Legacy ERP gets new validation
June 19, 2006
MANMAN, the venerable ERP application used by hundreds of HP 3000 customers even today, has a new validation. Crawford Software, an independent consulting firm that specializes in HP 3000s and VAX implementations of MANMAN, said one of their medical device manufacturing clients has had MANMAN validated for use in projects submitted for US Food and Drug Administration (FDA) approval.
The subject surfaced on the MANMAN mailing list while Terry Simpkins was asking if MANMAN had ever been FDA validated. Terri Glendon Lanza, another MANMAN specialist, reported that a client of hers brought in outside test experts to earn their validation:
They undertook this task by contracting a specialist from a validation vendor. The site's IT staff ran many tests that showed the inputs generated the expected outputs. The consultant audited these tests, signed off, and wrote all the reports to submit for certification.
The tests generated several thousand pages of log captures and screen prints which went into binders. These are used when customers ask to see their validation records.
Nothing has happened to change HP's march away from the HP 3000 market.

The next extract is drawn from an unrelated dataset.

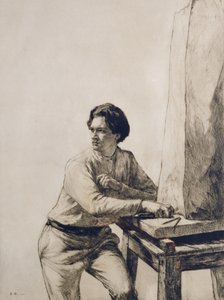 Portræt af Jacob Epstein (1880-1959) 1909 (tørpunktsætsning i mørkebrunt blæk)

But the users of MANMAN seem to be among those slowest to follow HP's recommended footsteps. ERP apps are complex, costly and take years to move. Companies like Crawford, Lanza's ASK Terri and the Support Group inc. still make a lively business of writing software and consulting to the MANMAN community. Some are migrating. Many are staying quite awhile; some have no plans to move.
It's important to note that Crawford's FDA-validated client is running MANMAN on a VAX system from Digital — er, HP, now. But the HP 3000 verson of MANMAN has been and can be validated by the FDA. Keeping pace with outside organizations' IT demands — that's a mark of a well-engineered system, run by IT professionals. HP 3000 customers can be confident that if they can blaze a trail through the paperwork, their systems will stand up to Federal scrutiny.